%%

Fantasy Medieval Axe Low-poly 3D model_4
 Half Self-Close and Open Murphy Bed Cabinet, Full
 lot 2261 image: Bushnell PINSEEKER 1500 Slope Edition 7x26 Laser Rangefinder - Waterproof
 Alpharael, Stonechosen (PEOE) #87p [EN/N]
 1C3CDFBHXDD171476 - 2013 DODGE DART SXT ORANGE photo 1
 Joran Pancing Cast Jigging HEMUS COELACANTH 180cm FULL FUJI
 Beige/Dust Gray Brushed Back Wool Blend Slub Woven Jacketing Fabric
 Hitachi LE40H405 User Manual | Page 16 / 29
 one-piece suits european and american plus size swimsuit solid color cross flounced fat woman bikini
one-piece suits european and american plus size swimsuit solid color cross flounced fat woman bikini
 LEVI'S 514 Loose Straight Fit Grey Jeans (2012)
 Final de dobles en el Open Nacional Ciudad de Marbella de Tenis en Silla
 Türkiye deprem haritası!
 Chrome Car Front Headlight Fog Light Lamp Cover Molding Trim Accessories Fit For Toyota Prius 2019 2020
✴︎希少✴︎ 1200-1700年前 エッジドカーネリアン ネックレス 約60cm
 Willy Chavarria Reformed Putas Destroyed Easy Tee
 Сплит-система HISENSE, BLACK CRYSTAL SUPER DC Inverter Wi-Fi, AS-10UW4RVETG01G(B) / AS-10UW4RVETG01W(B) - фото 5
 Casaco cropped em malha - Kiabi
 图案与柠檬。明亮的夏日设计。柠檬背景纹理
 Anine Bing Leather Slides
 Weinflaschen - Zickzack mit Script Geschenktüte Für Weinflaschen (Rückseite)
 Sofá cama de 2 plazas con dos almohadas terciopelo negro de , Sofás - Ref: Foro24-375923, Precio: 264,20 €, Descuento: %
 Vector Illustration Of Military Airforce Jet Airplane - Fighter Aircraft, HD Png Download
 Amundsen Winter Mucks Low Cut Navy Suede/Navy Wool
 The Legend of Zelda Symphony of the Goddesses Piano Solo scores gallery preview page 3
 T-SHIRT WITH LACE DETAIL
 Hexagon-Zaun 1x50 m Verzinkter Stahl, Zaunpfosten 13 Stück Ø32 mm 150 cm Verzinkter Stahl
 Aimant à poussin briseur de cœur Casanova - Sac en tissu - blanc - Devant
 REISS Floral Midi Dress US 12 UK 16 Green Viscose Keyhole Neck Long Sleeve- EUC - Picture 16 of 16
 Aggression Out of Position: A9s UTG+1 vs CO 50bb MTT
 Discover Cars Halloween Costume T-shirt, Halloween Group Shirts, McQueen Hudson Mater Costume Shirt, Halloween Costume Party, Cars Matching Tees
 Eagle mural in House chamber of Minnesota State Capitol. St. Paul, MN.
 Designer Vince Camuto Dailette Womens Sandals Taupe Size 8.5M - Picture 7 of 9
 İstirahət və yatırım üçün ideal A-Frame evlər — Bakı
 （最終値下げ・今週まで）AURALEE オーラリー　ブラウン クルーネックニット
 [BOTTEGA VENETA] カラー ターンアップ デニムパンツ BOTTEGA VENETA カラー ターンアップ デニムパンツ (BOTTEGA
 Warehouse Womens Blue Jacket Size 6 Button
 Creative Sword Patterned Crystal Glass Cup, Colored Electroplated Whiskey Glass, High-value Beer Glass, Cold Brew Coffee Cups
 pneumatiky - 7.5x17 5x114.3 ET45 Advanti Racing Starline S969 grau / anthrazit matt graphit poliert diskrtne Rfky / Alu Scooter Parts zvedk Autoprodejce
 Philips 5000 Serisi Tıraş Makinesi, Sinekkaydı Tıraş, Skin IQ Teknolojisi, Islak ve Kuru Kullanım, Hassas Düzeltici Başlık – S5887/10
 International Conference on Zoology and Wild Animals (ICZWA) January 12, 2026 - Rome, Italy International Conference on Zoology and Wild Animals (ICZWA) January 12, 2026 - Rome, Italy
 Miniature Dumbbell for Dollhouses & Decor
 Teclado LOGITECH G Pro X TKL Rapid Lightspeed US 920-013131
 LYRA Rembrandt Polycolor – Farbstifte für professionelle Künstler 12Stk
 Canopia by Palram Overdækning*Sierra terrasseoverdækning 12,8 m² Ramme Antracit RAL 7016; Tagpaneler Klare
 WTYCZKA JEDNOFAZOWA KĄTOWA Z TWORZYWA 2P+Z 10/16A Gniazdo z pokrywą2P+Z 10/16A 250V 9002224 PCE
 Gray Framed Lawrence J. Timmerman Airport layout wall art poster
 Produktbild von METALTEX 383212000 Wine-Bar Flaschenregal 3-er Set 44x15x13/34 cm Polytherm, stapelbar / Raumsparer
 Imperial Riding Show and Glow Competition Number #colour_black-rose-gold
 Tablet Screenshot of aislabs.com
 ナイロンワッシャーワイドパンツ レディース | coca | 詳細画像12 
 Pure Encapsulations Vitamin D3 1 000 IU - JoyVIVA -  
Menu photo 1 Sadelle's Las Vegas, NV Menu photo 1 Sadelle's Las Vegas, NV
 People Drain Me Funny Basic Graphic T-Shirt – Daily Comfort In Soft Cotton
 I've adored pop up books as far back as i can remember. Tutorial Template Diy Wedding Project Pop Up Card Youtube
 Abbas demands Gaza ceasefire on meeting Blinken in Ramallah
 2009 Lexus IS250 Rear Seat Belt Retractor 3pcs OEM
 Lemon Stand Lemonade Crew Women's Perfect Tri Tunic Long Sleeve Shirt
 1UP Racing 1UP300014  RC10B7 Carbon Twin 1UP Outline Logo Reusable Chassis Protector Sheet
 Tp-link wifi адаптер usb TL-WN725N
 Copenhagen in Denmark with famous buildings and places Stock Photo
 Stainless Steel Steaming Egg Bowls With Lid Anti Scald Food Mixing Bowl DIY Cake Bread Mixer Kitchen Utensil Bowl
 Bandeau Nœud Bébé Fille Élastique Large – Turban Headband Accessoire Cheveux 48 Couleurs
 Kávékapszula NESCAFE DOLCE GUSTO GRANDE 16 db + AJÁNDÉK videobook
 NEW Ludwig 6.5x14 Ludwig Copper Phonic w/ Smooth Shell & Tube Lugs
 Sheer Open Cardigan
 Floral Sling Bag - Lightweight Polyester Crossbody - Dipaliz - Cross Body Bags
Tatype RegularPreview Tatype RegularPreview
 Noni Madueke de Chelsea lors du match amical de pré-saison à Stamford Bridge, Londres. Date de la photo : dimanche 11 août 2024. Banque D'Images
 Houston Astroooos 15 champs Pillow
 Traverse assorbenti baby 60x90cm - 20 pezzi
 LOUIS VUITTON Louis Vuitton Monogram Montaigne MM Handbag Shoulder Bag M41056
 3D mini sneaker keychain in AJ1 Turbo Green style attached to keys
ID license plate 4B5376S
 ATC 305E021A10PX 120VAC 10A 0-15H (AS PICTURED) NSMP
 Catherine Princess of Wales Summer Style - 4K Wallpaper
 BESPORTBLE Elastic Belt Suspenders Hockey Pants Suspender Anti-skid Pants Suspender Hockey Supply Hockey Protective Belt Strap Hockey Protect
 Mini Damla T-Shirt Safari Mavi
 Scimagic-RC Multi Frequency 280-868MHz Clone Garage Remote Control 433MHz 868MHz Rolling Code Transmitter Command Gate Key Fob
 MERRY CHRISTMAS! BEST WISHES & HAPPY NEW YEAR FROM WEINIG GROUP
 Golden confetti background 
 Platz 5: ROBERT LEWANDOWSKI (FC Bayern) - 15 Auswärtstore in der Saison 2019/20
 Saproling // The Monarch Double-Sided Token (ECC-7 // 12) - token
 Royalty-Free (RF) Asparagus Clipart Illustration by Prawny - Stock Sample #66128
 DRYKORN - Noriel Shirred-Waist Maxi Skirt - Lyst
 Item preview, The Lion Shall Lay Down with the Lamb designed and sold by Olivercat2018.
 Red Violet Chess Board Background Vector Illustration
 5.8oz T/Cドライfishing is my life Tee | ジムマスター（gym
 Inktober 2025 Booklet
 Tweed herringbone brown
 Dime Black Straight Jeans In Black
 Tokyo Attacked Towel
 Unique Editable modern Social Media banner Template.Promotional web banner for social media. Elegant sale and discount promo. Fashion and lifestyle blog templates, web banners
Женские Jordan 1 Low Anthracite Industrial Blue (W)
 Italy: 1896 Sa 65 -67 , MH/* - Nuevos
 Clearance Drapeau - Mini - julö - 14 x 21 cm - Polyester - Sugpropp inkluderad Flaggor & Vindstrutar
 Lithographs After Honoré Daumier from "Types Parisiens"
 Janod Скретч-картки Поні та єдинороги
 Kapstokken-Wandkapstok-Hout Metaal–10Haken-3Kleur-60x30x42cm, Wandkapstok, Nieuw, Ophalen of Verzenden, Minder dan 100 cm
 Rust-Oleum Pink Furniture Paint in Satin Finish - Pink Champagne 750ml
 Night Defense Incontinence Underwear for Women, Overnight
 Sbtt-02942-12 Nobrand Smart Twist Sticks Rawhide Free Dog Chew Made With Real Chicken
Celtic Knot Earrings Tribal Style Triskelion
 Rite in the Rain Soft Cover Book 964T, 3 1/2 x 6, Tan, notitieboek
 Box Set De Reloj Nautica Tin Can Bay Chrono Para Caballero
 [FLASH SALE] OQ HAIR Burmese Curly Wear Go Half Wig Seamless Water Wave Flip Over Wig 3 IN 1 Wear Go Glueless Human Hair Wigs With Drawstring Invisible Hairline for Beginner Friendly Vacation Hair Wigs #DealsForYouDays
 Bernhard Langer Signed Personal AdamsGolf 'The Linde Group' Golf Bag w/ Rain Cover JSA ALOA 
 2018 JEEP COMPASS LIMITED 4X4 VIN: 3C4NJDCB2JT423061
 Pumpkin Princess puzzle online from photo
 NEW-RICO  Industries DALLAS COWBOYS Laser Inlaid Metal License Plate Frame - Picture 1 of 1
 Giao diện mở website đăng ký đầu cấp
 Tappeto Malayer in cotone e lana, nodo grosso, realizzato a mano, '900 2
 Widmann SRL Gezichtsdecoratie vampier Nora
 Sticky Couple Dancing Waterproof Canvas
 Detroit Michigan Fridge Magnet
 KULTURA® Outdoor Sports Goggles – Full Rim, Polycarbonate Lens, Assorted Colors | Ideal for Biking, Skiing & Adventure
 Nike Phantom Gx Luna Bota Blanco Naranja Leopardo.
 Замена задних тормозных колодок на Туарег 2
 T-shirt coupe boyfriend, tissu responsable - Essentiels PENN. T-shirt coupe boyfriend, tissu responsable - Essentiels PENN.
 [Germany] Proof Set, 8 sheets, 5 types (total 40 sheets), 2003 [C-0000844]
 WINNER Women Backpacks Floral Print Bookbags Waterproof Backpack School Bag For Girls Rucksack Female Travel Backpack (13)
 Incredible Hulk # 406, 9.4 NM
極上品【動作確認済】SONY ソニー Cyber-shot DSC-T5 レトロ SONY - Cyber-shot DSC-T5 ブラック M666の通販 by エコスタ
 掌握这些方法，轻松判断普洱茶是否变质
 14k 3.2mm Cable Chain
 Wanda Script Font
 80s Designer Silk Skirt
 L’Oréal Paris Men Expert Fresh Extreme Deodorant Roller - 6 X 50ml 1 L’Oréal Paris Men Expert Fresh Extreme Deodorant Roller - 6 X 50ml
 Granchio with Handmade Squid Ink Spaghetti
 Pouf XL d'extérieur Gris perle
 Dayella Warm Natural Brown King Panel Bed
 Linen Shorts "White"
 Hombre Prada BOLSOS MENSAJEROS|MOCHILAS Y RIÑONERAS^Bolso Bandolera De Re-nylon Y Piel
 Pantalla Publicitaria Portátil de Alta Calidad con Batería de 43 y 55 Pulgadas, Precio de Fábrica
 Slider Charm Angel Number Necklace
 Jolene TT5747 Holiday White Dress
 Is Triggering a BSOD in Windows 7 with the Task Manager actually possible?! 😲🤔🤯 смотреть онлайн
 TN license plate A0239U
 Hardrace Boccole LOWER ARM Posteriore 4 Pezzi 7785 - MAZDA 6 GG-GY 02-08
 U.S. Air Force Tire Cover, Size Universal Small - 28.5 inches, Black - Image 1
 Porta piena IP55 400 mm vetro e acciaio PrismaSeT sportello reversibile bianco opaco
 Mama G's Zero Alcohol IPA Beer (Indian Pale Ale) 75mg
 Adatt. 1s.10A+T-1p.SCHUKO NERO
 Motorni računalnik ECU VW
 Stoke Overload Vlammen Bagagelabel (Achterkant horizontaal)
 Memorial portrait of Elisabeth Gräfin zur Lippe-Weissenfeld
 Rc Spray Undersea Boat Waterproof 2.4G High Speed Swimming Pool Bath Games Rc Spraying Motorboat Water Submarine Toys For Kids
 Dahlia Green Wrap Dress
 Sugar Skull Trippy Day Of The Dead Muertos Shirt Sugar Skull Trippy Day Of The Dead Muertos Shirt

%%

In the data above, which lines lie between the line with "LEVI'S 514 Loose" and the line with "T-SHIRT WITH LACE DETAIL", inclusive? Print those lines exactly and nothing else.

> _Response box_:
 LEVI'S 514 Loose Straight Fit Grey Jeans (2012)
 Final de dobles en el Open Nacional Ciudad de Marbella de Tenis en Silla
 Türkiye deprem haritası!
 Chrome Car Front Headlight Fog Light Lamp Cover Molding Trim Accessories Fit For Toyota Prius 2019 2020
✴︎希少✴︎ 1200-1700年前 エッジドカーネリアン ネックレス 約60cm
 Willy Chavarria Reformed Putas Destroyed Easy Tee
 Сплит-система HISENSE, BLACK CRYSTAL SUPER DC Inverter Wi-Fi, AS-10UW4RVETG01G(B) / AS-10UW4RVETG01W(B) - фото 5
 Casaco cropped em malha - Kiabi
 图案与柠檬。明亮的夏日设计。柠檬背景纹理
 Anine Bing Leather Slides
 Weinflaschen - Zickzack mit Script Geschenktüte Für Weinflaschen (Rückseite)
 Sofá cama de 2 plazas con dos almohadas terciopelo negro de , Sofás - Ref: Foro24-375923, Precio: 264,20 €, Descuento: %
 Vector Illustration Of Military Airforce Jet Airplane - Fighter Aircraft, HD Png Download
 Amundsen Winter Mucks Low Cut Navy Suede/Navy Wool
 The Legend of Zelda Symphony of the Goddesses Piano Solo scores gallery preview page 3
 T-SHIRT WITH LACE DETAIL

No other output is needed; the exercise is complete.